Has anyone experienced this or other types of credit card or ATM fraud?


----------



## Kevin_S (Feb 13, 2013)

I only use ATMs located inside of Malls rather than the ATMs outside. And even then, I usually use the same ATMs at 3 diffent locations. I try to examine the card slot carefully and always cover my hand when entering my pin. So far, I haven't had any problems here in PI. Identity theft is something to always be aware of, no matter where you are in the world.


----------



## lv_artist (Feb 22, 2012)

I have used ATM in about a dozen cities in the PI. never had a problem anywhere. obviously one should use caution when withdrawing money. Be aware of anyone in close proximity.


----------



## Kevin_S (Feb 13, 2013)

TheMegacitizen said:


> Withdrawing money inside and outside the malls always made me kind of paranoid. Especially because of the 10.000 Pesos per withdrawal limit. If you are withdrawing rent or something expensive, you might spend a fair amount of time in front of the ATM. Kinda freaked me out. Used ATMs all-over the Metro, never experienced any problems.

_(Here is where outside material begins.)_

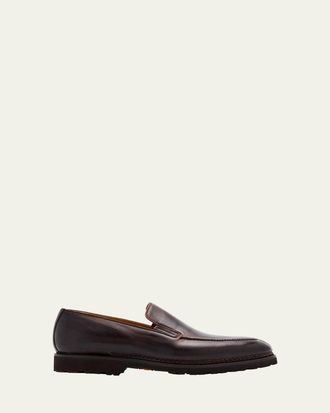 Bontoni Mens Dome Leather Lug-Sole Loafers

Each transaction costs me 200php fee. Like you said, the 10k php limit means multiple transactions. That adds up quite a bit. When I bought a motorcycle for 70k, It cost me 1400 php ($35) just in atm fees. I could have wired the money, but the wire transfer fee from my bank is $30.


----------



## Phil_expat (Jan 3, 2011)

Kevin_S said:


> Each transaction costs me 200php fee. Like you said, the 10k php limit means multiple transactions. That adds up quite a bit. When I bought a motorcycle for 70k, It cost me 1400 php ($35) just in atm fees. I could have wired the money, but the wire transfer fee from my bank is $30.


That is too expensive! It seems you have not setup a plan to get money from home. There are several threads on the subject on this forum! At the present time I use China bank dollar account. I deposit checks that takes 15 working days to clear and I earn interest! There are no fees or charges and if withdrawals are $2,000 or higher their exchange is as high as the street money changers. Otherwise I get dollars and exchange to pesos somewhere else. The drawback is there is a lot of money tied up for 3 weeks! Others I know use xoom. The fee is small and the money is immediately available the draw back here is one is tied to the bank’s exchange rate. Citi bank has a global transfer from one country account to another. The charge is $8. One can withdraw dollars ($3,000 max) from their ATM or pesos (bad exchange rate). The drawback is Phil Citi bank require a $2,700 balance! The best I think is Wells Fargo has a deal with three major banks in the Philippines. For a charge of $3 one can send money.


----------



## raconnor (Oct 30, 2012)

Well now you've gotten me even more paranoid than I was before! I think tomorrow I'm going to change all my PINs, just in case... :suspicious:


----------



## DonAndAbby (Jan 7, 2013)

That scam was going on in the U.S. several years ago. One thing I like about the BPI ATMs is that there is a cover over the keypad that would prevent a camera from seeing your pin punch.


----------



## Phil_expat (Jan 3, 2011)

TheMegacitizen said:


> Well, at least for me it depends on the ATM I am withdrawing from. I can withdraw from Metro Bank and BPI without any charges. All other banks charged me 200 PHP per transaction. Maybe you can try it it out because as far as I know it does not depends on OUR bank but on the Philippine bank and if it decides to charge us extra when withdrawing with an international credit card.
> 
> Try Metro Bank.


how is their exchange rate?


----------



## MikeynJenz (Oct 8, 2012)

The funny thing is that i was a victim of this...but in the UK four years ago just a few months before coming to the Philippines. I had just been paid three days earlier and went to take my rent out to pay my landlord but my account was empty apart from a small amount(which they only tried to take out the very next night after i had reported it)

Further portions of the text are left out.